At Intuit, design thinking is taught to all 11,000 employees through a formula called Design for Delight. On any given day, some 1,800 experiments are going on throughout Intuit.

Design thinking is about learning by doing and eliminating the false notion that you can research your way to a great business, he said, pointing to its basic elements:

·       Deep customer empathy – It’s about direct observation and analyzing data to get underneath the “why?” and to develop a solution for customer problems.

·       Go broad to go narrow – Taken from the Toyota system in Japan, come up with seven completely different ways to solve a problem to eliminate “group think.”

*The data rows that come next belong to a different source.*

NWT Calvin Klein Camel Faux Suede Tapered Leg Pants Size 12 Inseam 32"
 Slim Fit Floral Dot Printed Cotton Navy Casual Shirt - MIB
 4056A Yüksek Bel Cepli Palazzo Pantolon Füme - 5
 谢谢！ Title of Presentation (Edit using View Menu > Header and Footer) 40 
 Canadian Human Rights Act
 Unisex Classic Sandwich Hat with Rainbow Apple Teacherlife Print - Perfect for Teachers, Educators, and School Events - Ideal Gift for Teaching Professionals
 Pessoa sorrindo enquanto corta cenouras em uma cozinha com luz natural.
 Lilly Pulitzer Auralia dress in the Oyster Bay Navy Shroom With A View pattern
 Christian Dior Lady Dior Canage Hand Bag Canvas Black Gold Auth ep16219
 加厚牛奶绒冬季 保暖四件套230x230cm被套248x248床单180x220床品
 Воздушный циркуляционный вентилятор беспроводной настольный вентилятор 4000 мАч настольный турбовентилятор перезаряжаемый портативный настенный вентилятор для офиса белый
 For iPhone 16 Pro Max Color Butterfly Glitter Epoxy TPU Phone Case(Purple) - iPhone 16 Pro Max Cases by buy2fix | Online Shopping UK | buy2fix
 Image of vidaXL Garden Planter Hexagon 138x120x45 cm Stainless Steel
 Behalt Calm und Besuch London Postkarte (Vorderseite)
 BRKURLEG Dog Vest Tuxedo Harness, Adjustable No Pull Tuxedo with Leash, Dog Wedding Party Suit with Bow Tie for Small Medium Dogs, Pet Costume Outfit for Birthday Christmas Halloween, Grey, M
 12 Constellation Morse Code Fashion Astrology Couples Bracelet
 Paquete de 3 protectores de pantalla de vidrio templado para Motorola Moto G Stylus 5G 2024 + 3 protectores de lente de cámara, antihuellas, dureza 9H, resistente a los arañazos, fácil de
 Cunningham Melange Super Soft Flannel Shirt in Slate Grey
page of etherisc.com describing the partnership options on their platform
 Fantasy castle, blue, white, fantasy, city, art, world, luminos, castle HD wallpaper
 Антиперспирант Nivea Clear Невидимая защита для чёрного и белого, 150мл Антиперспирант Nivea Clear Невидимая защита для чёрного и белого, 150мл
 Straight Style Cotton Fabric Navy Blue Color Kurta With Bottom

·       Rapid experiments with real customers – Teams develop a hypothesis with a measurable metric, create an experiment that can get to market in 48 hours or less, and then come back with real data to determine if their metric held up or not.

 

Down Time
Smith highlighted an experimentation culture at Intuit. Modeled after Google’s 20% policy, all Intuit employees are given 10% unstructured time to run experiments for new problem-solving ideas. As CEO, Smith funded all winning experiments for 90 days to get them to the next stage of their business.

 

Four Disruptive Technologies
Smith sees four disruptive technologies that will be catalysts for the future. He outlined the skills needed to succeed with these technologies will be in cybersecurity, data privacy, and data stewardship principles.  
            AI (machine learning, knowledge engineering, and natural language processing)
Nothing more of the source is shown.